Source information:
○ ○ ○ ○ ○
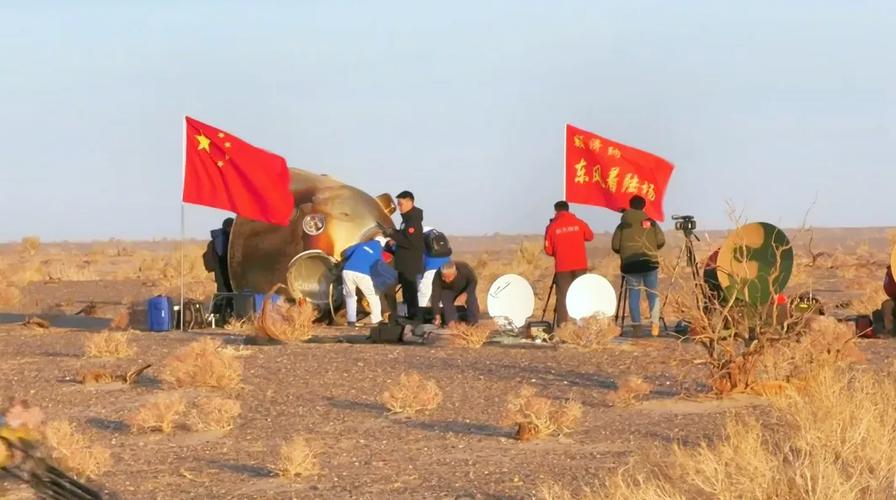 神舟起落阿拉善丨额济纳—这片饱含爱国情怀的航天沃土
○ ○ ○ ○ ○
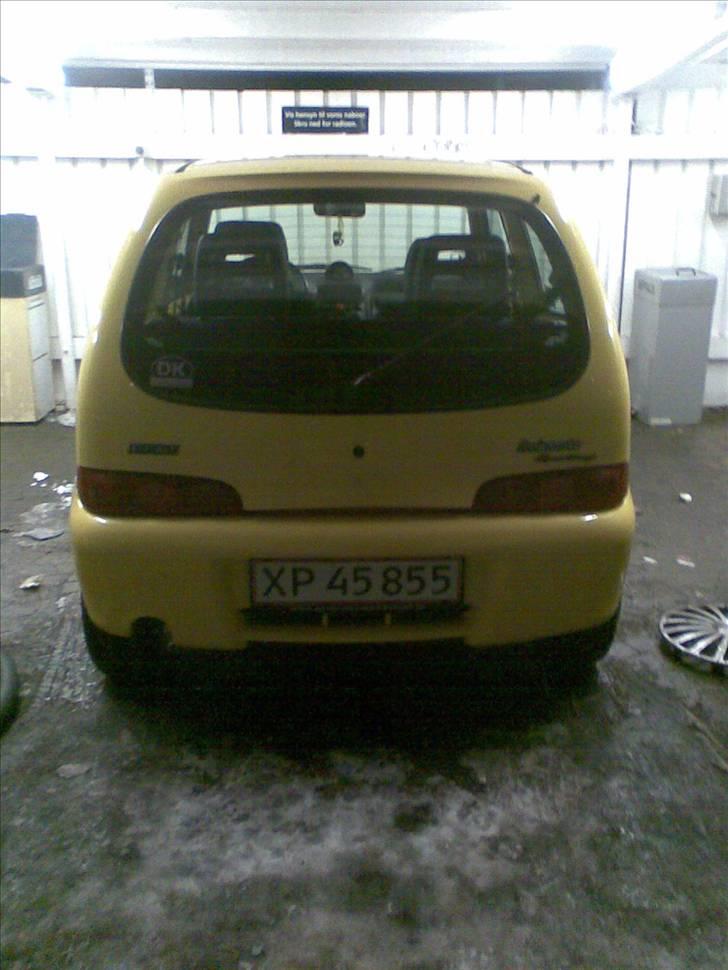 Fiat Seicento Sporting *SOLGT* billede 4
○ ○ ○ ○ ○
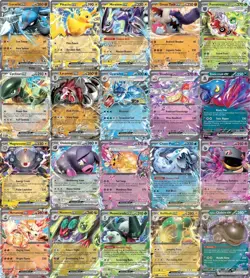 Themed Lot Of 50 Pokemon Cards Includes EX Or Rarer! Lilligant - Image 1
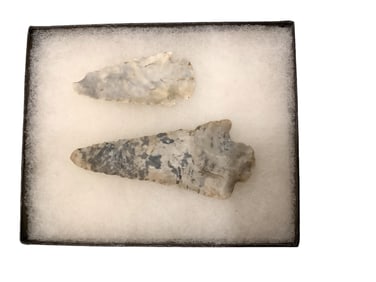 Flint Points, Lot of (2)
○ ○ ○ ○ ○
Work order: Within the listing above, the lines starting at the one containing "Themed Lot Of" and ending at the one containing "Flint Points, Lot of (2)" are to be returned exactly. Omit the pictures.

Expected answer:
 Themed Lot Of 50 Pokemon Cards Includes EX Or Rarer! Lilligant - Image 1
 Flint Points, Lot of (2)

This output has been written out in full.